КОММЕНТАРИИ
В погонах

В погонахО героическом соблюдении закона

28 ИЮНЯ 2007 г. АЛЕКСЕЙ МАКАРКИН
 1942. Догорает сбитый фашистский самолет Ю-88.

Рассекречивание документов времен Великой Отечественной войны, находящихся в ведении Минобороны – событие, безусловно, благое. Можно только согласиться с положительными оценками деяния нового министра. Но повода для чрезмерного восторга нет. Министр просто прекратит многолетнюю профанацию действующего законодательства. Да и то частично.
Действительно, рассекреченные документы могут серьезно заинтересовать историков. Больших сенсаций, будоражащих общественное мнение, в них, как представляется, нет, но источниковая база для написания исторических монографий, безусловно, расширяется. Гриф секретности снимается, в частности, с документов Генштаба, фронтов, армий, соединений, политических и кадровых органов, военных госпиталей. Впрочем, пока не рассекречены документы военных трибуналов, но, как утверждают архивисты из системы Минобороны, только потому, что они находятся в ведении Главной военной прокуратуры и Главного управления деятельности военных судов. Если те не будут против, то возможно снятие грифа и с этих документов.

Таким образом, речь идет о рассекречивании интересных, но все же достаточно рутинных источников. Документы Главного разведуправления под действие приказа не подпадают. Останутся секретными относящиеся к военным вопросам источники, которые хранятся в архивах, не подчиняющихся Минобороны. А это, насколько можно судить, наиболее важные документы, позволяющие понять механизм принятия решений «на самом верху» — на уровне сталинского Государственного комитета обороны. Равно как и документы деятельности репрессивных органов, оказывавших в те годы огромное влияние на армейскую жизнь. Понятно, впрочем, что решения о рассекречивании таких материалов не в компетенции министра Сердюкова.
Однако самое интересное, на мой взгляд, в министерском приказе то, что он лишь подтвердил право исследователя на получение информации, которая, в принципе, и так должна была находиться в открытом доступе уже в течение многих лет. Обратимся к Закону о государственной тайне Российской Федерации, принятому в 1993 году. В его статье 13 («Порядок рассекречивания сведений»), в частности, говорится: «Срок засекречивания сведений, составляющих государственную тайну, не должен превышать 30 лет. В исключительных случаях этот срок может быть продлен по заключению межведомственной комиссии по защите государственной тайны». Таким образом, в нынешнем году должны быть преданы гласности документы, относящиеся к 1977 году, исключая те из них, которые мотивированно оставлены на закрытом хранении. Однако министр обороны только сейчас передал в пользование историкам документы многолетней давности.

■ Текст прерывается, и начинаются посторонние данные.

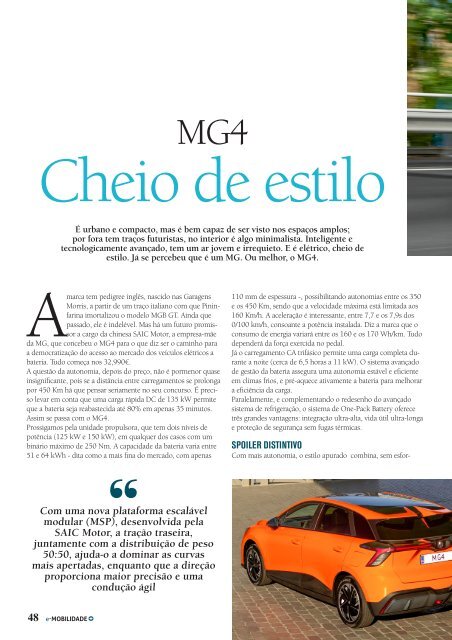 Revista eMOBILIDADE+ #04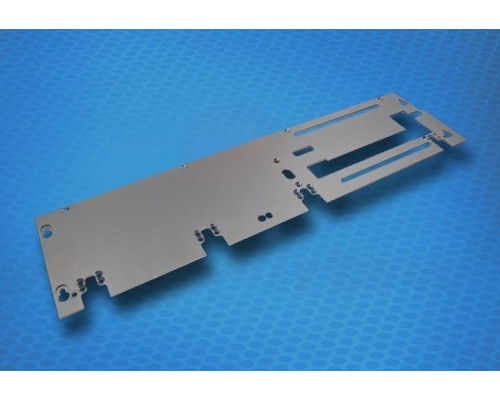 Saddle Plate (F42) for ASTER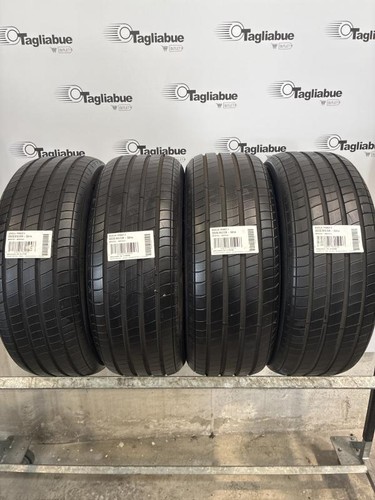 Set gomme 205 55r16 91h - 4, 205/55r16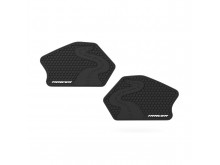 Original Yamaha Side Tankpads Tracer 7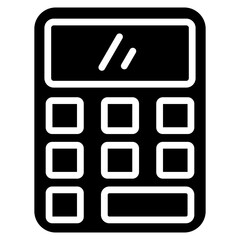 Calculator icon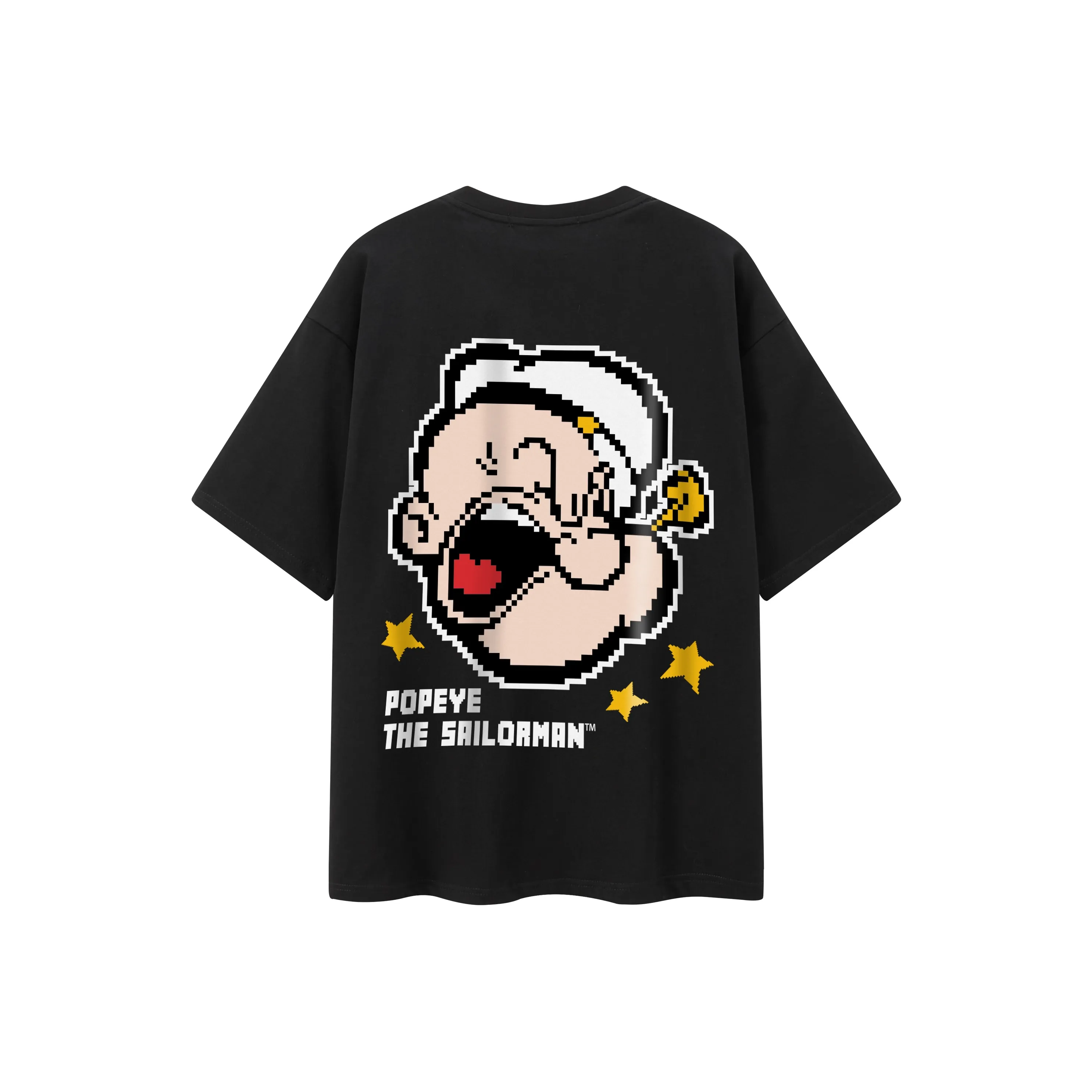 POPEYE Унисекс Футболки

Дело в том, что в дополнение к закону были изданы правила рассекречивания, которые предусматривают, что снятие грифа секретности должно производиться по решению специальной комиссии. На первый взгляд, ничего страшного в этом нет, но на самом деле этот принцип фактически обессмысливает норму закона о 30-летнем сроке. Комиссии состоят из живых людей, и они физически не могут принять решение по каждому архивному делу, не говоря уж о каждом отдельном документе. Даже если они будут работать днями и ночами, с перерывом на принятие пищи и краткий сон, потребуются годы, чтобы разобраться с миллионами бумаг, засекреченных еще в советское время. Понятно, что российские чиновники не обладают таким энтузиазмом – более того, специалисты отмечают, что процесс рассекречивания еще во второй половине 90-х годов существенно замедлился.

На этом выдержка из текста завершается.